MLIR Implementations

For alternative 1, the only changes needed on MLIR side are:

For alternative 2, in addition, it requires a couple of new APIs to implement the performance config interface:

extern "C" MiirStatus miirTuningParamsInit(MiirHandle handle, char *tuningParams, size_t *size);
extern "C" MiirStatus miirTuningParamsNext(MiirHandle handle, char *tuningParams, size_t *size, bool *isEndOfSequence);

Under the hood, the two interface function in MLIR side will invoke into the corresponding static functions. Depending whether or not this is a xdlops requrest, according to the handle, it will launch and return a new set of tuning parameters according to the one from the handle.

Summary

Considering we do plan on make MIOpen the only tuning driver for MLIR, I personally favor alternative 1 over 2 on a variety of factors:

atamazov commented 3 years ago

Especially in SetNextValue(), it doesn't carry any context information at all. This makes it very hard to create a handle and let MLIR know any information that help to create the nextValue based on the current set of performance config.

Please see #388 and raise urgency level if necessary.

Considering we do plan on make MIOpen the only tuning driver for MLIR, I personally favor alternative 1 over 2 on a variety of factors...

I am for it.

jerryyin commented 3 years ago

Please see #388 and raise urgency level if necessary.

Thanks for bring that up, didn't know that has been documented. This is going to be a high priority job for me because it's going to be the largest feature in the next milestone.

I am for it.

Niiiiiice. Thanks for the review.

@JehandadKhan @whchung Any questions, concerns?

JehandadKhan commented 3 years ago

@jerryyin We have consensus since Approach 1 makes the most sense to me as well. Thank you for formalizing the ideas.

carlushuang commented 3 years ago

@jerryyin this is a good idea to parse ctx into SetNextValue. We have another scenario to utilize this new API, we can more easily to dicide the gemm_k split value based on the convolution context parsed in. currently we iterate this value based on either next pow of 2, or next multiply of CU number, without the knowledge of current conv configs.

Indeed I think there should be no harm that we just add ctx to SetNextValue's argument. If some solver do not need the ctx value, then just ignore it.

cc @shaojiewang

jerryyin commented 3 years ago

@JehandadKhan Thank you, appreciate your time for the review.

@carlushuang Agreed, I'm sure knowing more context information can be beneficial. Now that since I have the majority votes on alternative 1, we should continue the SetNextValue(ctx) refactor in its original ticket.


As the next step, I'd do the following:

jerryyin commented 3 years ago

Seeing no further feedbacks, I'm starting the implementation on tuning based on approach 1. I will start with the implementation of non-xdlops mlir solvers.

ppanchad-amd commented 4 months ago

@jerryyin, Is the implementation complete? If so, can you please close this ticket? Thanks!

atamazov commented 3 months ago

@ppanchad-amd This ticket is intended to document the current design (and its motivation), so it should never be closed. I recommend removing the https://github.com/ROCm/MIOpen/labels/urgency_high and https://github.com/ROCm/MIOpen/labels/value_high labels.

JehandadKhan commented 3 months ago

Perhaps we can move it to the wiki or documentation ?

On Mon, Apr 8, 2024 at 5:25 PM Artem Tamazov @.***> wrote:

@ppanchad-amd https://github.com/ppanchad-amd This ticket is intended to document the current design (and its motivation), so it should never be closed.

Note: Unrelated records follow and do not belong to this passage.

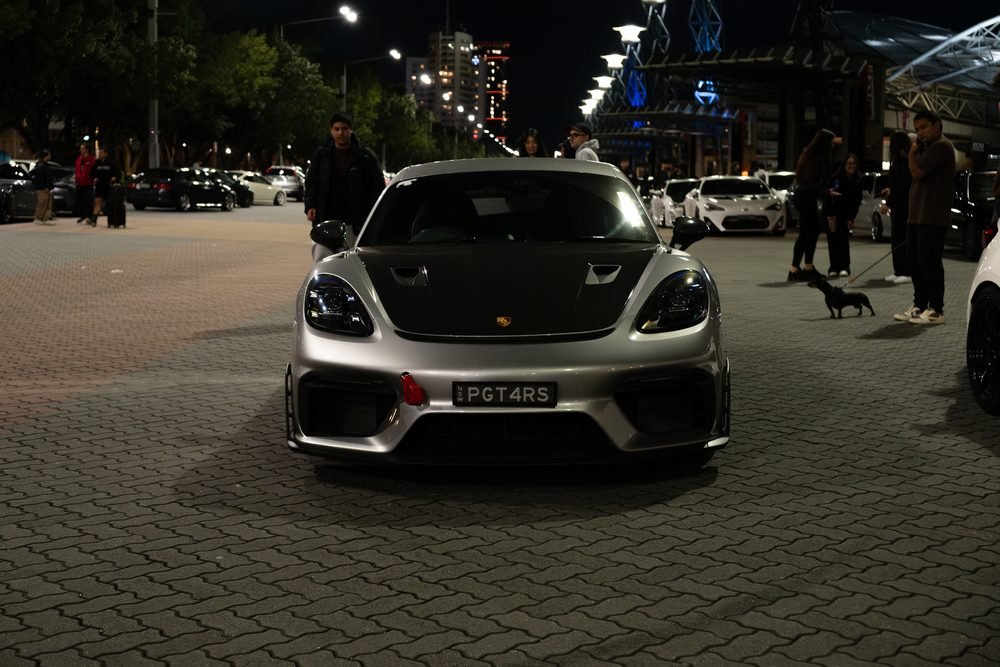 Ferraris, imports and modified cars under carpark lighting at a late-night Sydney car meet (frame 33 of 40)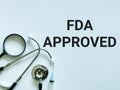 Phrase FDA Approved written on white background with stethoscope. Royalty Free Stock Photo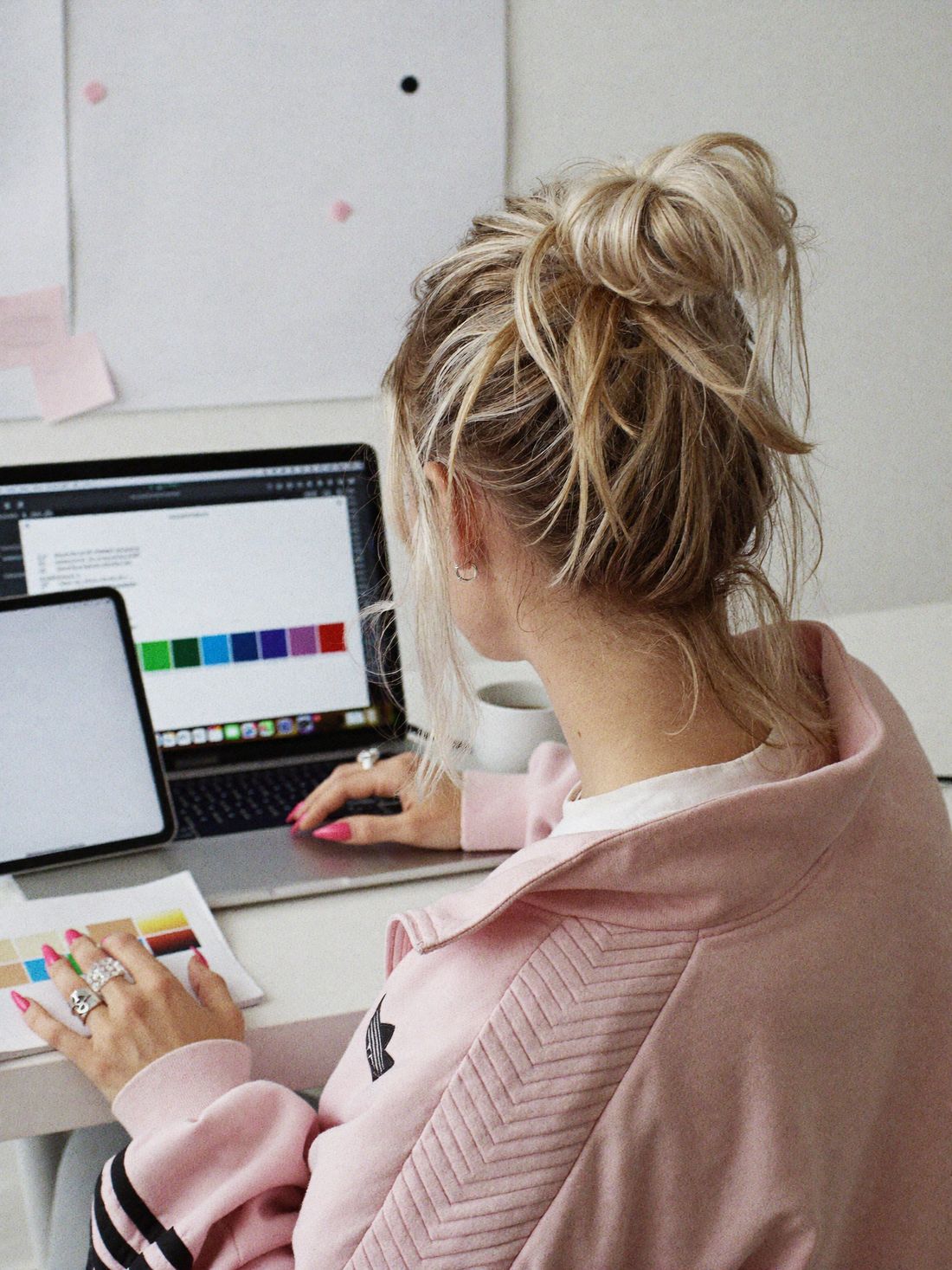 Sophie Evans working at a laptop with a colour palette on screen and printed swatches in her hand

I recommend removing the urgency_high https://github.com/ROCm/MIOpen/labels/urgency_high and value_high https://github.com/ROCm/MIOpen/labels/value_high labels.

— Reply to this email directly, view it on GitHub https://github.com/ROCm/MIOpen/issues/1018#issuecomment-2043741419, or unsubscribe https://github.com/notifications/unsubscribe-auth/ABK5ZOL24T2CI34H36XDXTTY4MKNRAVCNFSM47RAEMIKU5DIOJSWCZC7NNSXTN2JONZXKZKDN5WW2ZLOOQ5TEMBUGM3TIMJUGE4Q . You are receiving this because you were mentioned.Message ID: @.***>

ppanchad-amd commented 3 months ago

@JehandadKhan Created internal ticket to assist with the documentation. Thanks!